Who was that student?

Kinoshita:

I just [laugh] need to remember. Cvitanović.

Crease:

Cvitanović, oh yes.

Kinoshita:

And then after—many years after, we solved numerically the sixth-order problem, not only the light-by-light, but all the terms, with the help of Cvitanović

[... later...]

Kinoshita:

You see, when we did the sixth-order with Cvitanović, algebra formulation was general enough you can apply to any order. So, the [inaudible] was already sort of set up. So, going from sixth-to eighth-order theoretically there was no roadblock to worry about except that it was a much bigger problem [laugh] and you needed much bigger computers. [...] I wouldn’t do any calculation unless some experiment has come out with a challenge, a new measurement and so on. At this time, when I finished the sixth-order, I thought that was the end of my calculation of g-2 because it was better than the experimental result coming out of Michigan.

[... later...]

Kinoshita:

Yeah. But anyway, this was at the international conference at Tbilisi in 1976.

Crease:

Tbilisi, yeah.

Kinoshita:

I was attending the conference, and then a guy named Lowell Brown at the University of Washington told me that I had to get busy again [laugh] because Dehmelt was doing a new experiment using a Penning trap which was three orders of magnitude more accurate than the [inaudible] precession experiment at Michigan. And Dehmelt, a few years later won the Nobel Prize for that work. So, that’s why I started the eighth-order. Or no, let’s see is that eighth-order or tenth-order? I’m not quite sure.

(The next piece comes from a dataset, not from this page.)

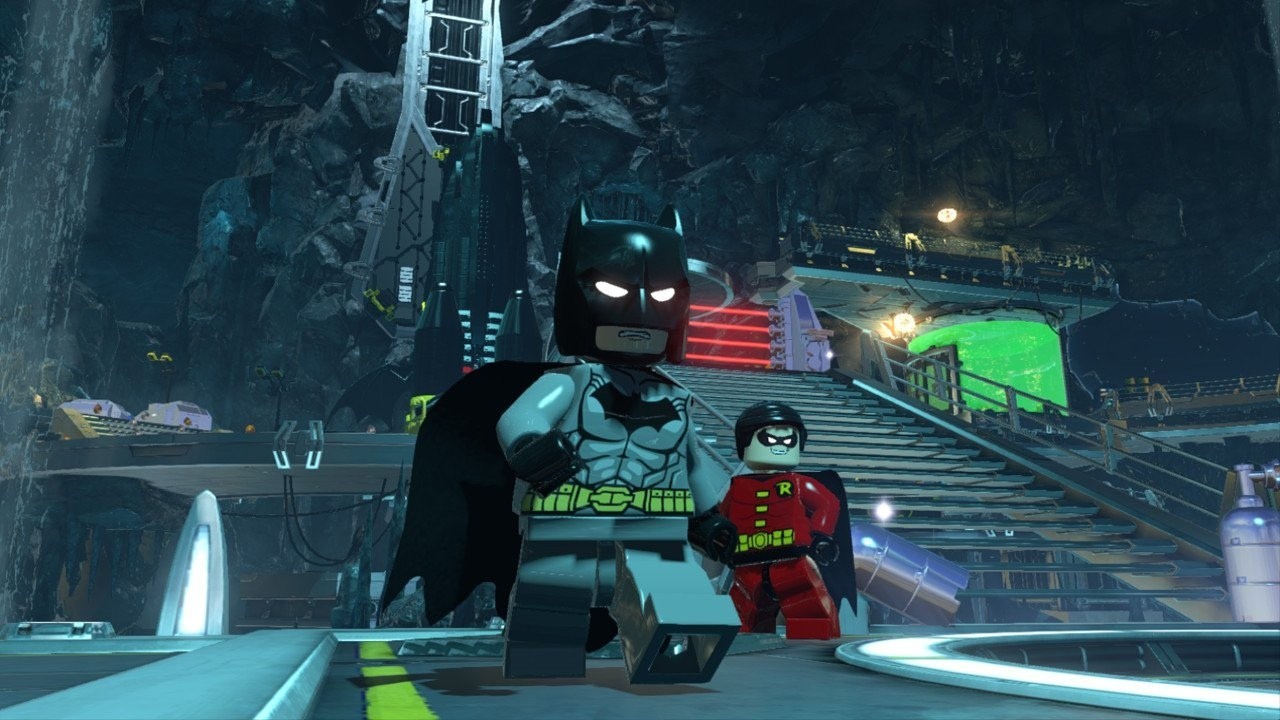 LEGO Batman 3: Más Allá de Gotham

Tenth-order essentially I start around year 2000, so later than that. So, must be eighth-order.

[... later...]

Ok, anyway, so Lindquist started on the eighth-order and because of Lowell Brown’s information that Dehmelt was now setting up a new experiment or he was getting new results which were three orders magnitude better. So, the eighth-order has to be done. That’s why [laugh] I did it. And as I said, the machinery for eighth-order was already available due to the work of Cvitanović in the sixth-order. So, that was not a big problem. The computer at Cornell was never as good as I wished, so I used some national computers at San Diego or someplace. But anyway, the requirement for the computer at that stage was not really big, and so we could get some preliminary results fairly quickly. But then when Dehmelt’s result came out, certainly I wanted to do the next order, the tenth-order, because the tenth-order can be as big as the contribution of the eighth-order.  [...]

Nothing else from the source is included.